Joan's face clouded.

"Don needs me," she said. "He would be frantic here alone. I cannot desert him."

"Nor I," said Kenny. "But the year of waiting ends at Samhain."

"Yes," said Joan, coloring. "I have given Don the money," she added. "If now he would only study!"

"He shall!" said Kenny and set himself to the finishing of Brian's winter task. That sacrifice, at least, he decided, nagging Don into hours of study that were a godsend to them both, should not become an anticlimax. He had paid once—in ragged money. For Joan's sake he would pay willingly again in time. Brian and Joan and Don—and he himself, with indolence for once in his life unwelcome, would be happier for the effort. But there were moments of clash and irritation when Don's energy flagged and he flung his books aside in black disgust.

"No use," he said moodily. "I can't work. I've got too much on my mind."

Kenny merely looked at him.

Don flushed.

"Mr. O'Neill," he barked.

"Shut up!" thundered Kenny, "I don't propose to quarrel now or at any other time."

They glared at each other in nervous indignation.

"Brian," Kenny added with a sniff, "was sure you could swing it. I never was. You need balance and a sense of responsibility."

Don gritted his teeth and worked in an inexhaustible spurt of endurance.

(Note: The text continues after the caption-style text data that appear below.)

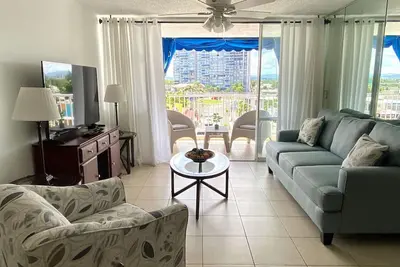 Image de Beachfront Luxury Condo Pool   Walk 2 eat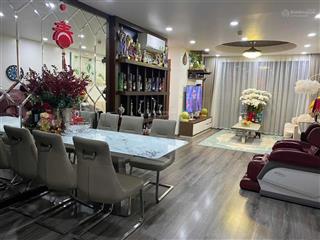 (rivera park  69 vtp). chủ nhà gửi bán căn góc 3pn. 2vc. dt 94m2. tầng 18. ban công đb. 8tỷ9
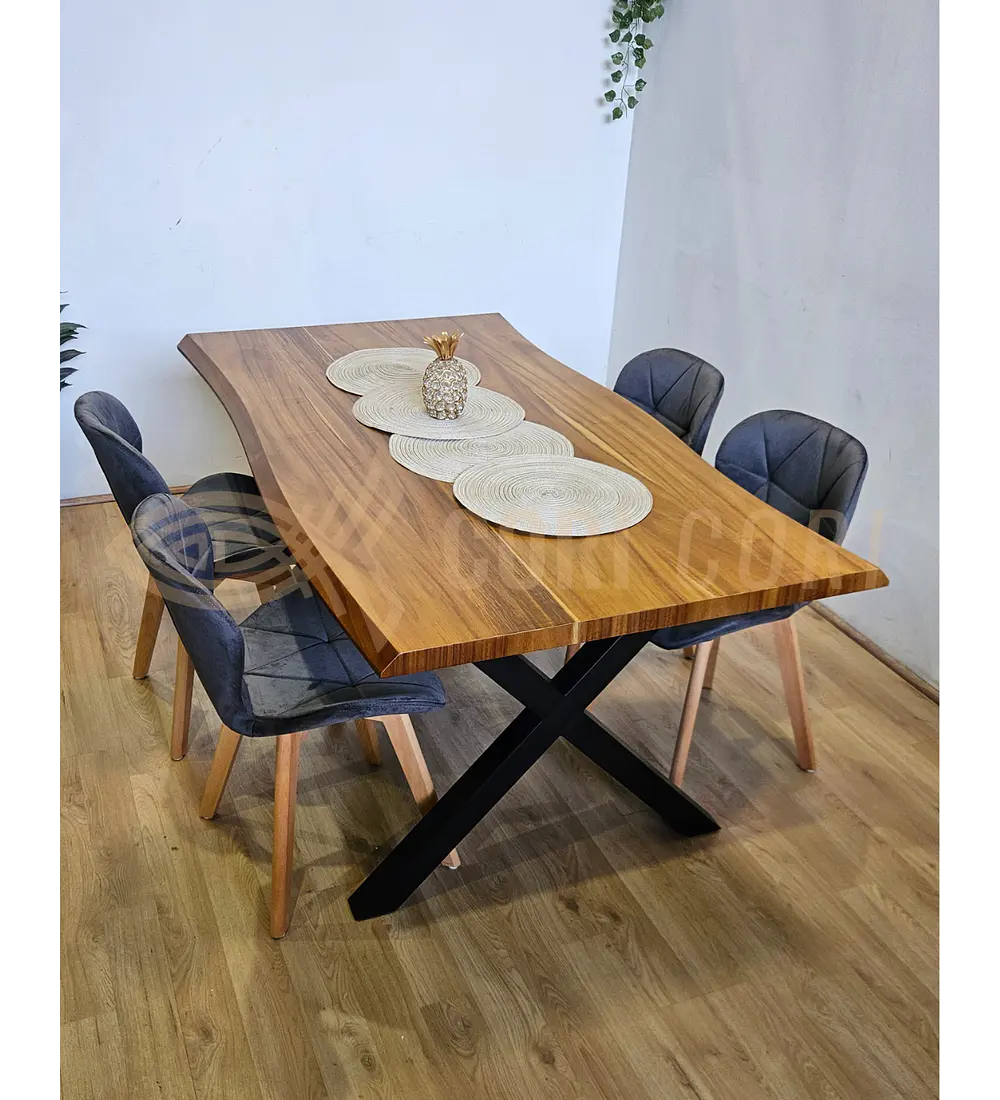 Juego de Comedor Medlock Rústica 160x90 cm + 4 Sillas Mariposa Velvet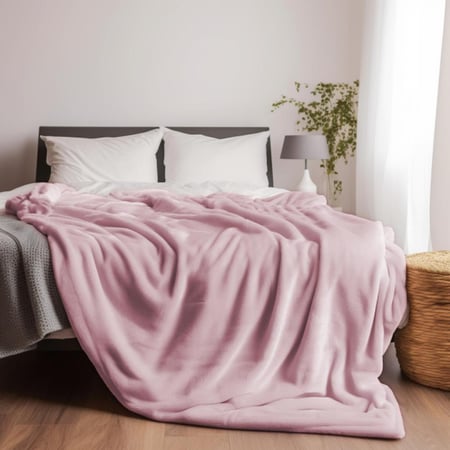 بطانية مخمل خفيفه بمقاس مزدوج - 260 × 240 - سلسلة رواء - وردي بنفسجي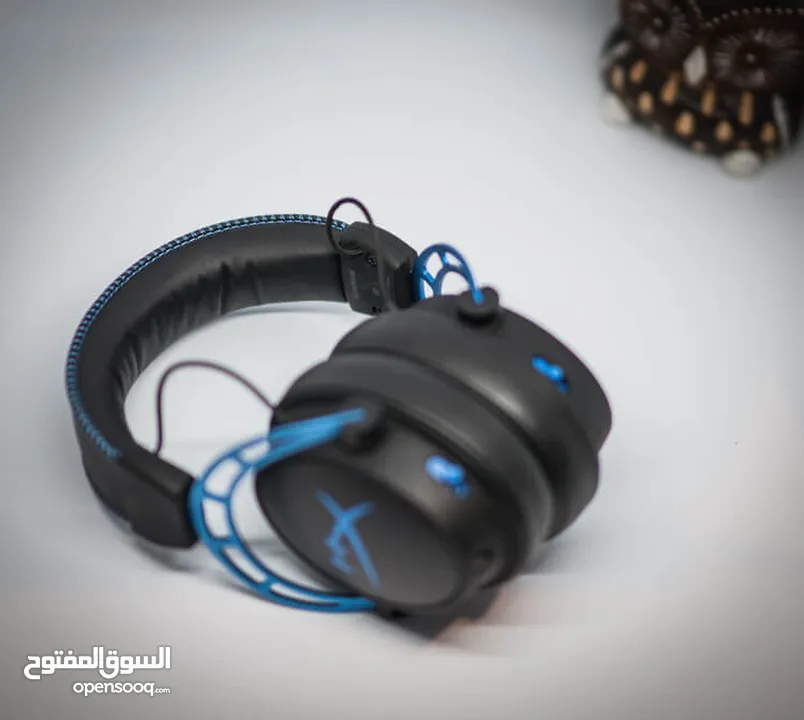 سماعة hyper x alpha s للبيع مستعمله بحاله جيده جدا هايبر اكس الفا س لون ازرق و اسود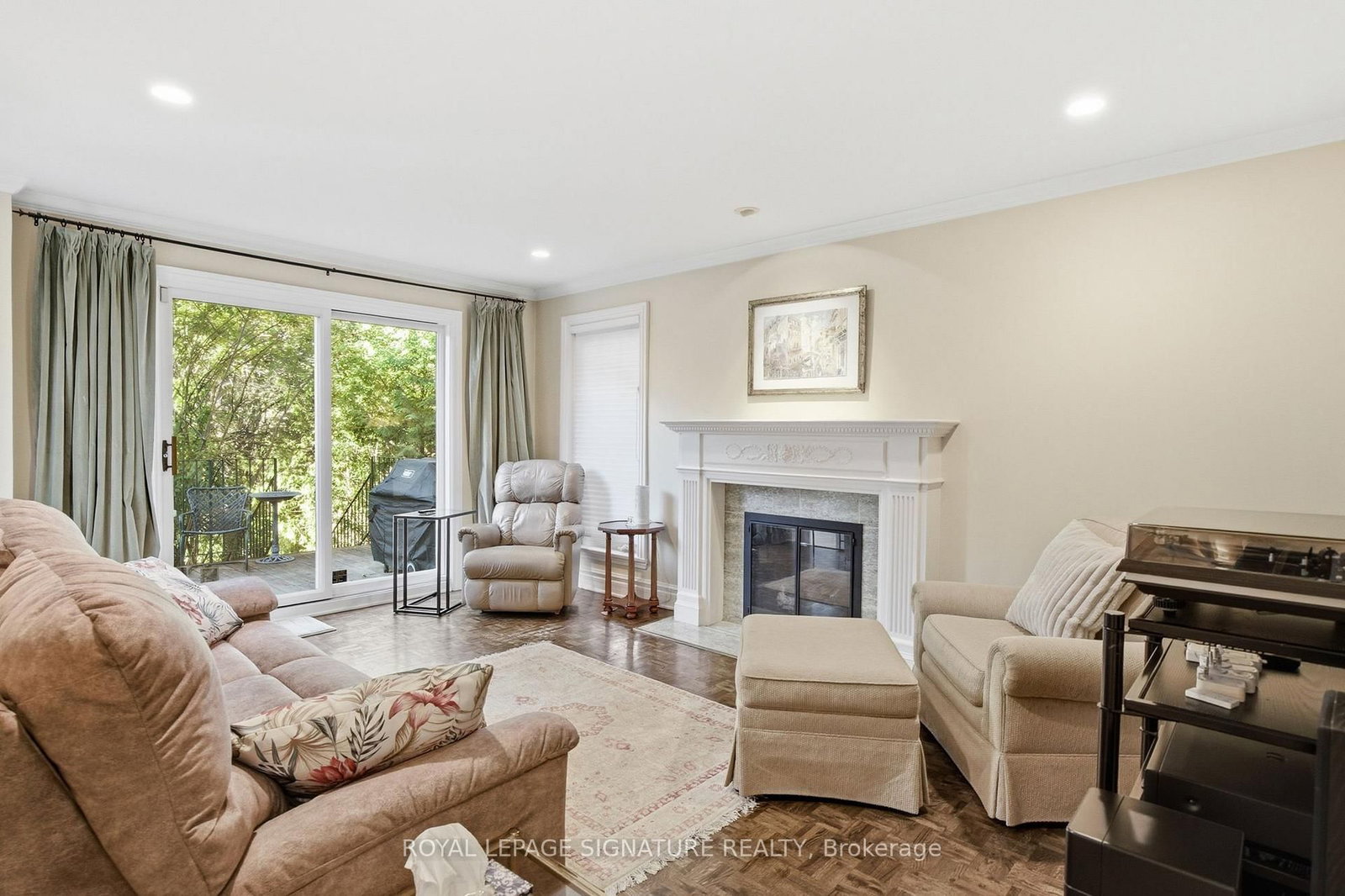 20 Wellesbourne Crescent • Toronto, ON photo 14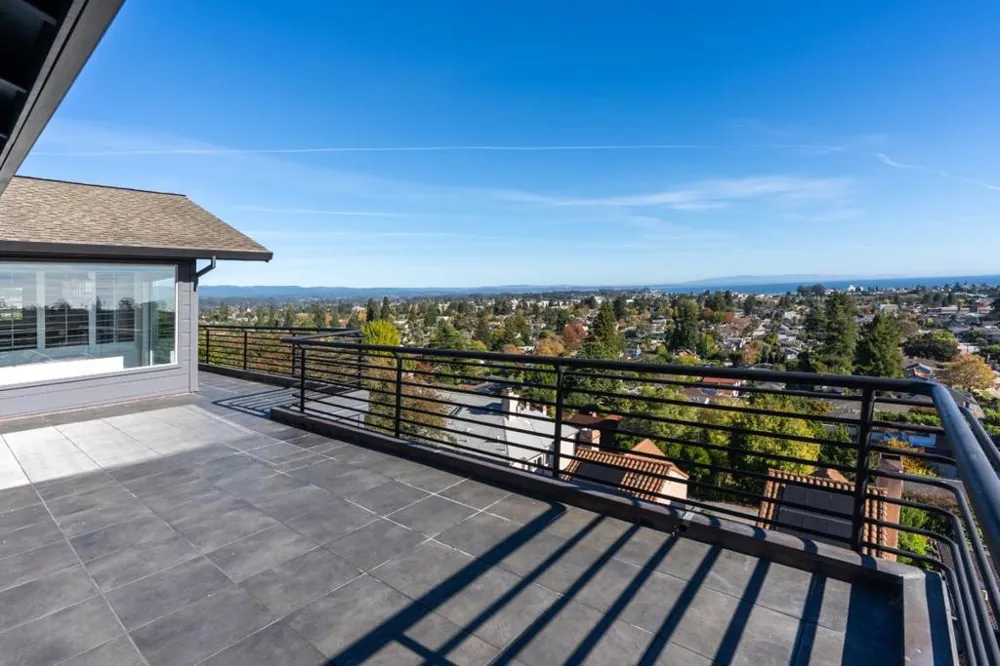 902 Laurent Street Santa Cruz, CA 95060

"Stop wandering around the room and kicking things," Kenny commanded more than once with his own hand clenched in his hair. "If you don't remember, you don't remember, and that's an end of it. Here's the book. Look it over while I'm smoking."

Once when the clash had a suspicious ring of familiarity, he grinned.

"What's the matter?" demanded Don huffily. "What are you laughing at? Me?"

"No," said Kenny. "I was just thinking of a man I know. Name's Whitaker."

Thus May came with a warm wind of spice and fresh misgivings furrowed the doctor's brow.

"Now that the windows are opened so much," he fretted, "the rumble of that quarry is inferno. The blasts bother him?"

"He jumps," said Joan.

"I thought so. He must have peace and quiet. If Mr. O'Neill is willing, we'll move him to the farm."

By the time the orchard flung out its white prayer of blossoms to the sun, the doctor had his patient at the farm.

And summer dreamed again upon the hills.